Just Google it, and you’ll realize what it means:
-
second commercial modem→Bell 103, corresponds with the file name “modem.wav”
-
a big city in the UK: Manchester, which refers to the famous coding method.
-
The source of the long Chinese paragraph: https://kknews.cc/zh-hk/travel/e6yjp34.html
It describes a trip to Manchester, which is indeed a big city in the UK.
2. Bell 103
Here’s an article that shows how the Bell 103 protocol works: https://vigrey.com/blog/emulating-bell-103-modem
So two key points need your attention. First, characters are stored in ASCII code and are little-endian; second, it has 2 channels for communication: one for the server-side(2025/2225 Hz), and another for the client-side(1070/1270 Hz).
You can also find it from the spectrogram of the .wav file.
2. Server channel
Using the minimodem
tool (See MapleBacon’s write-up) is functional.
Also, you can find some useful tools in GitHub: https://github.com/laurenschneider/audiodecoder
It may be a faster way. In fact, the solve.py
is based on its code.
After all, you’ll see this on the server channel:
HINT_Hamming@ddddPdddddddPdddPdPP(20).ECCode; Content: Why do you use such
a slow method with a high Bit Error Ratio for communication? It took me a lot of
effort to correct bit-flips, making sure the communication was less
error-prone...that is 2 say, THE ORIGINAL PROTOCOL IS WRAPPED BY SOME OTHER
TRANSFORMATIONS! Fortunately, we can now communicate properly on another channel
while enjoying a vacation in this BIG CITY--I mean, IEEE 802.3.....Wait, what is
the new protocol? Guess by yourself!
3. Client channel
We can extract the bit string on this channel using the same method but just make some tweaks of frequency. You’ll get a bit string of 53640 bits.

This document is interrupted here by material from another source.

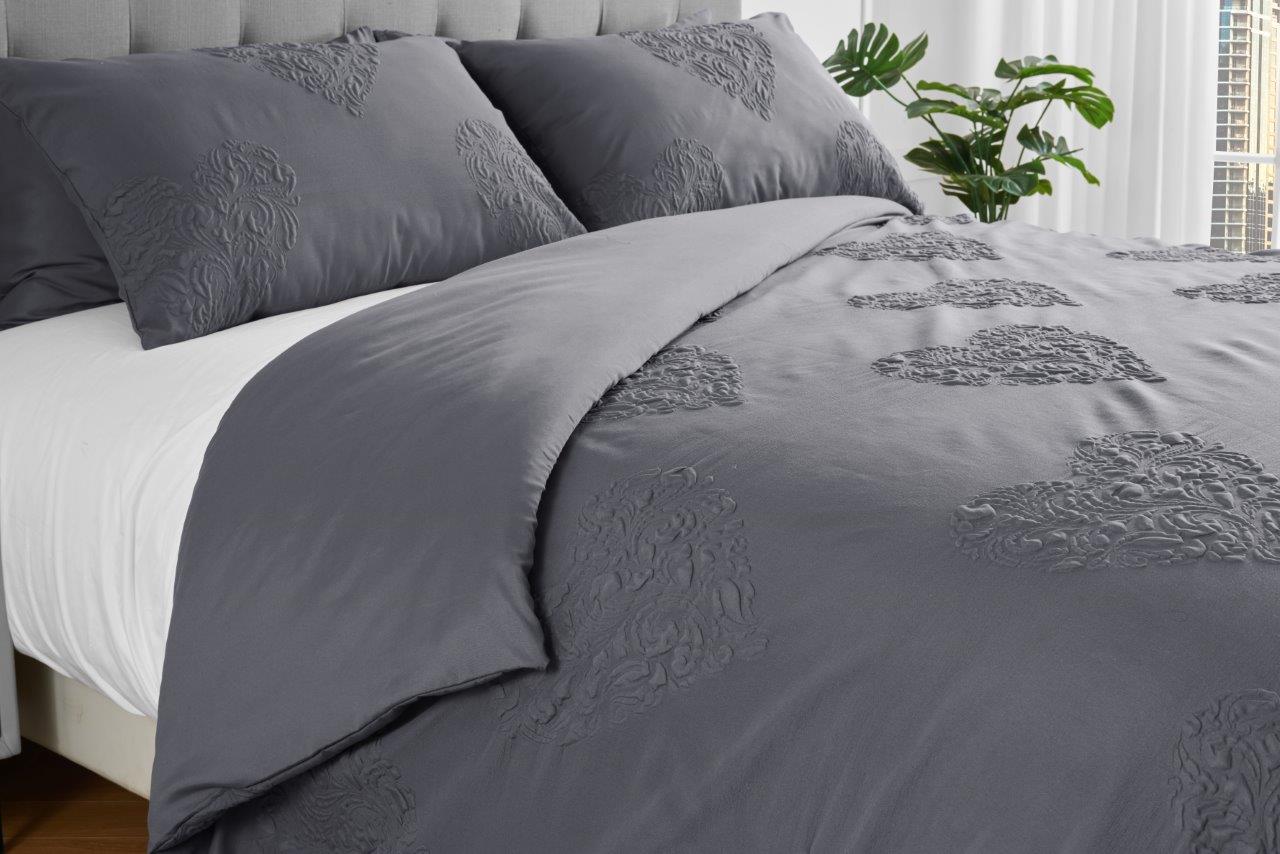 3D Embossed Heart Duvet Set 5 Colours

Notice that the bit string contains only “01” “10”, that is what Manchester is all about. The IEEE 802.3
mentioned in the server channel message is actually to make sure you decode in the right way: there are 2 opposite ways to map 01/10 to 1/0, but what is widely used is defined in IEEE 802.3, which says “01”→1 and “10”→0
Then the key problem is to solve Hamming code. From the given information, you’ll realize the block size is 20bits. Implement it by yourself or just Google/GitHub/StackOverflow it.

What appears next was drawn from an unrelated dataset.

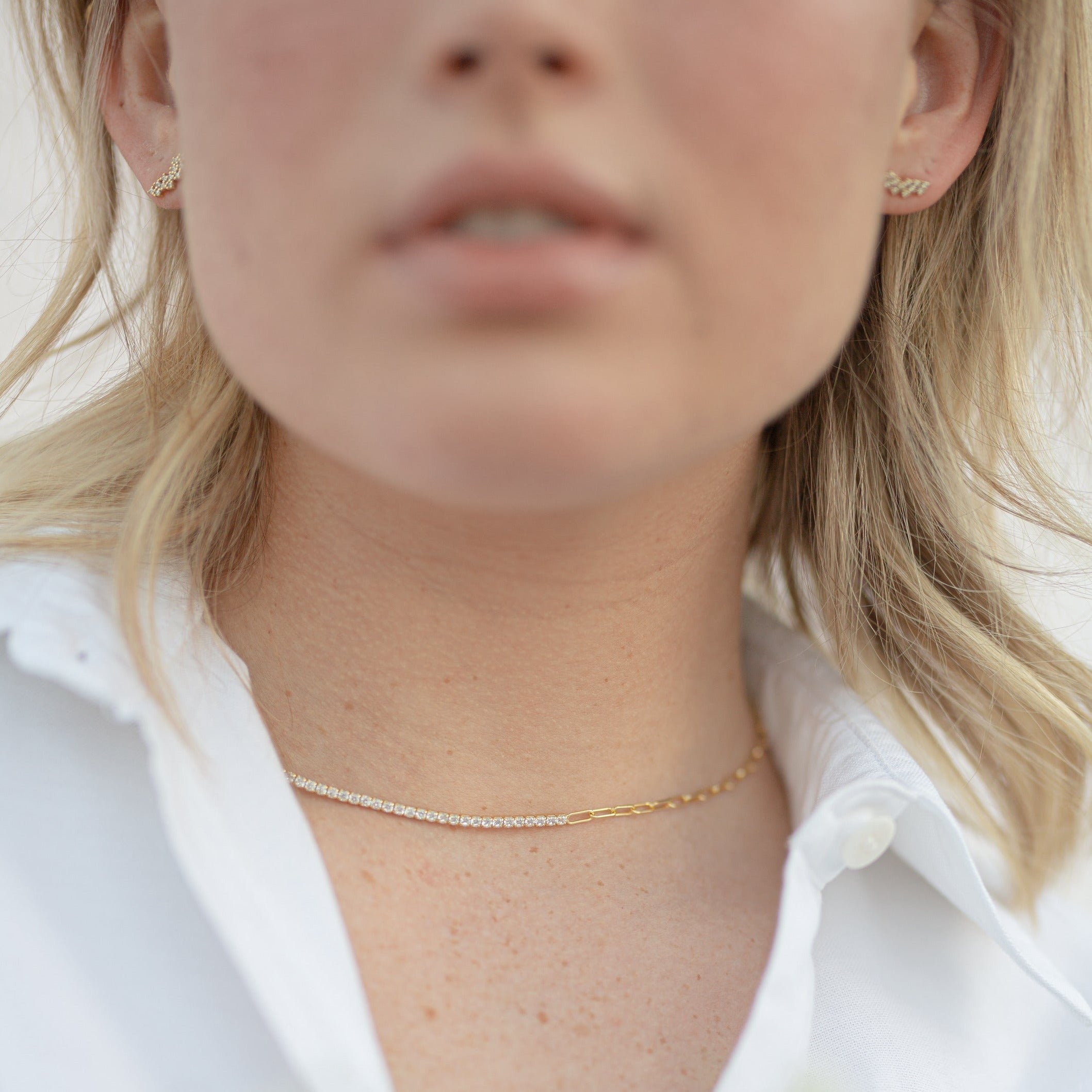 Naomi Gold Tennis Necklace with Square Link Chain - P I C N I C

Find every “1” bit in a block, XOR their positions, and magically you got the error bit position(0 if no error) which is a well-designed feature of Hamming code, then just flip the bit.
Actually, every block has, and only has an error bit: that’s an intended design to notify you that you’re on the right way 😃
4. Final Step
Now you’ve got the cipher bit string: just applied Bell 103 decoder to it once again.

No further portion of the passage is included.